The result? Latin American passport holders, in principle (with all possible violations of this rule by local representatives of the Gestapo, Einsatzgruppen or other Nazi officials), were to be interned until the end of the war and thus kept alive. Most of them ended up in internment camps in Bavaria or France, although the “Ładoś passports” also went to the Balkans, Hungary, occupied Belgium, Slovakia or ghettos in Poland. In 2019, a list of over 3,200 people was published who, above all doubt, were demonstrated beneficiaries of the documents produced by the Ładoś Group. It is estimated that the names of at least 5,000 holders of these passports remain unknown, and in total about 10,000 people had the chance to survive thanks to them. Six perpetrators arranged ten thousand survivors. Churchill’s words repeated endlessly: “never was so much owed by so many to so few” suits this arrangement of rescuers and survivors exceptionally well.

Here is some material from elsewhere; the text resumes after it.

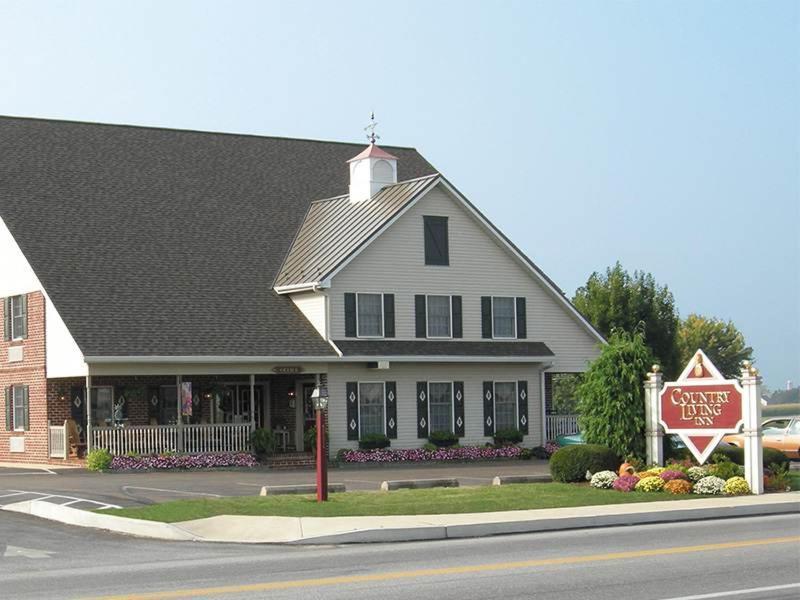 Country Living Inn Smoketown  Exterior foto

Residence of the Embassy of the Republic of Poland in Bern (photo: Beat Estermann; CC BY-SA 3.0)

Their effort has not been really covered so far. For two years, on the initiative of Jakub Kumoch, the then-Polish ambassador in Bern, a large-scale archival inquiry was conducted in several countries. Attempts have also been ongoing to identify the last living witnesses of the Ładoś Group’s operation. However, this will not replace purely academic works describing all the legal, formal and political conditions in which several Polish diplomats and activists had to operate, briefly presented above. This work was undertaken by Dr. Danuta Drywa, a Polish historian, who for many years has dealt with the history of the Shoah and the resistance, managing the archive at the Stutthof Museum, and working in the former German extermination camp located in Poland. After many years of archival inquiry, she has recreated the legal framework in which the authorities of Switzerland, Poland and a number of third countries operated, showing many hitherto unknown initiatives and fields of activity of the Ładoś Group, and revealing truly sensational details of the actions taken. At the same time, she deftly addresses legal and administrative issues. Without knowing these details, it is impossible to understand the finesse required, against which the masterpieces of the “heist movie” genre pale in comparison – no matter whether we admire “The Sting” or “Inception” more.